Comme son nom ne l'indique pas, Santa Barbara est entièrement tourné à Burbank, au nord-est de Los Angeles. Immense hangar posé au milieu d'un parking, le studio 11 de la chaîne NBC abrite sous un même toit la production, les scénaristes, les loges et le plateau du feuilleton. Les téléspectateurs américains en consomment une heure par jour, du lundi au vendredi, de 14 à 15 h. En France, TF1 diffuse à 19h une version condensée de trente minutes, avec deux ans et demi de retard par rapport à la chaîne américaine ! Aux Etats-Unis, les séries télévisées obéissent à des cycles saisonniers. Il y a la rentrée de septembre, perturbée cette année par les cinq mois de grève des scénaristes. Puis le printemps. L'été, saison publicitairement creuse, on teste de nouveaux produits. Les "pilotes" des séries qui seront peut-être lancées à l'automne. Tout dépend des indices d'écoute. "Head writers" (scénaristes en chef) de Santa Barbara, Anne et Charles écrivent donc d'abord un synopsis qui couvre toute la saison. Il est approuvé, après quelques crises de nerf, disputes, menaces de démission et coups de fil de leurs agents, par les producteurs de la série et les responsables du "network", la chaîne NBC. Les deux "head writers" écrivent ensuite, pour chaque jour de la semaine, un scénario détaillé d'une vingtaine de pages. Puis trois "breakdown writers" (sorte de dialoguistes) écrivent chacun le script final, dialogué, d'environ quatre-vingt pages.

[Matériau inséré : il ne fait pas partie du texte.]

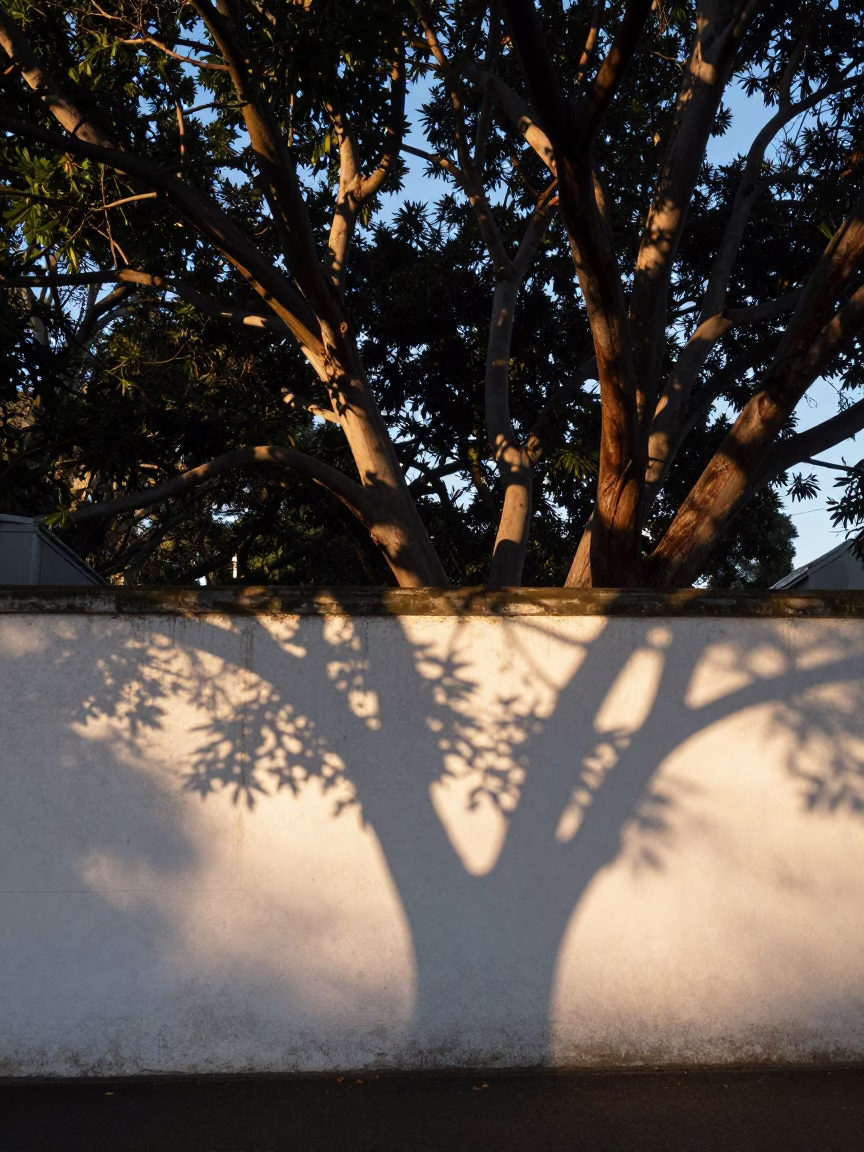 Leaf Shadows in Hobart at The Still Hours Before Dawn Light in in Hobart, Tasmania, Australia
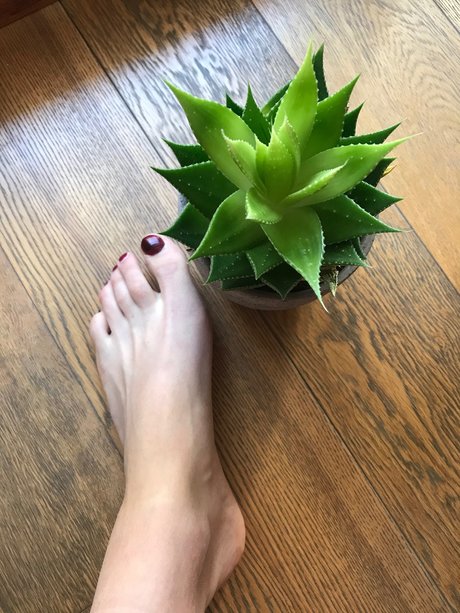 Howtosqu rt OnlyFans Nacktbilder geleakt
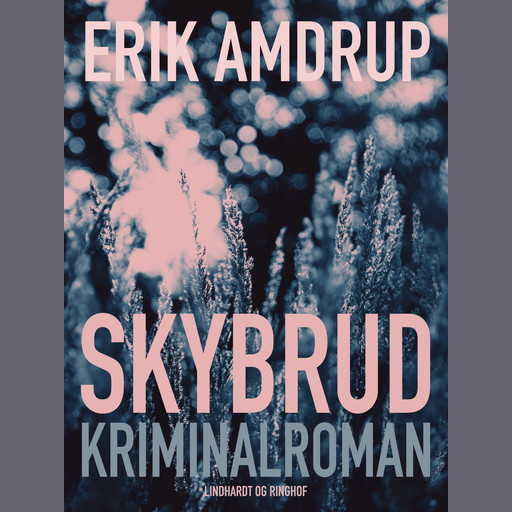 Skybrud, Erik Amdrup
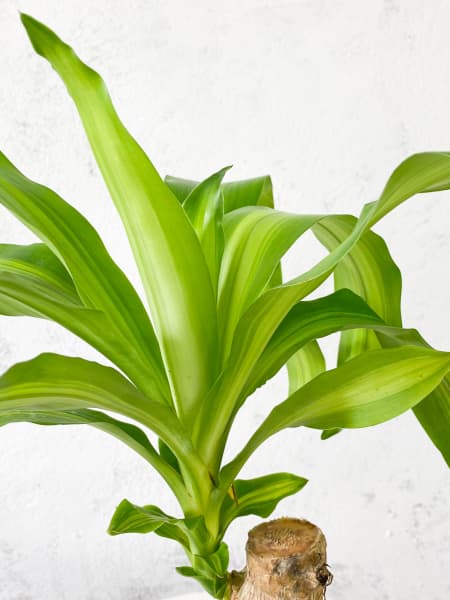 Dracaena fragrans 'Massangeana'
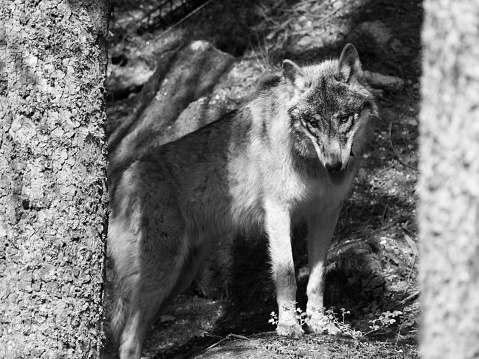 European wolf hidden behind tree in the forest . Black and white image.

Anne et Charles écrivant eux-mêmes les deux derniers jours de la semaine... Ceux qui n'ont pas compris relisent tout le paragraphe.

«Je fais jeudi, il fait vendredi», explique la scénariste, en montrant du doigt son jeune complice qui occupe le bureau mitoyen, au deuxième étage du studio 11. Sur le mur, une vue aérienne de Santa Barbara, charmante station balnéaire à deux heures d'Hollywood par le "free way". Au rez-de-chaussée, niveau parking, on tourne. Enregistré le 2 août, le show n°1031 sera diffusé le 2 septembre. Et ainsi de suite. «Tout le monde nous déteste, rigolent les deux scénaristes qui parlent d'une seule voix, l'un finissant souvent les plaisanteries lancées par l'autre. Les producteurs, parce qu'on se dispute tout le temps. Les patrons de la chaîne, parce qu'on est trop chers. Et les comédiens qui croient toujours mieux connaître leur personnage que nous».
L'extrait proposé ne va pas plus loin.